The GranTurismo MC Stradale is an extremely loud car and a quick downshift, with a blip of the throttle, is all that’s needed to bring the V8 into life with a thunderous bark. When pushed, the Maserati will gallop along with almost frightening speed, as you flip through the gears and push it into corners. It’s worth noting that the MC Stradale is a much more accomplished car on the road in comparison to the GranTurismo Sport and its weight reduction has enable Maserati’s engineers to install a lot more grip, especially in the corners. Indeed, oversteer was a problem that blighted many of the standard GranTurismos, but the MC Stradale feels perfectly balanced and rarely gives the impression that it doesn’t want to turn into tight bends.

Pirelli designed extra-wide 20-inch P Zero Corsa tyres for the MC Stradale and they work extremely well, locking the car into the apex and providing a wonderful platform to launch the car from a corner. The brake discs are 60 per cent lighter too, with the six (front) and four-piston callipers (rear) ensuring braking is balanced and controlled. If you feel really adventurous, you can push the ‘Race’ button, which frees up the traction control and ESP, while reducing gearshifts to 60 milliseconds. It’s tremendous fun, but you have to treat the car with a lot of respect because those 20-inch tyres can only cope with so much before snapping away in the blink of an eye. 

However, you don’t have to drive the GranTurismo MC Stradale at breakneck speeds to enjoy it. We found it to be surprisingly easy to drive in built up towns and cities too. Maserati has done an excellent job of combining supercar performance with a comfortable and refined 2+2 coupe.
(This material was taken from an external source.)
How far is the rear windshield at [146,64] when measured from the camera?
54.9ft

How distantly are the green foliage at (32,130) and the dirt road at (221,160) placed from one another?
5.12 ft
What’s more, the boot is large enough for shopping and the parking sensors making it simple to manoeuvre the MC Stradale into the tightest of parking spaces.

In our opinion, this really is one of the best all round GT cars on the market, although the differences between the MC Stradale and the Sport edition of the GranTurismo are marginal at lower speeds, which makes it difficult to justify spending the extra £20,000. However, if you're a sports car enthusiast, in the market for the ultimate, fire breathing, Italian GT, then this could well be the car for you.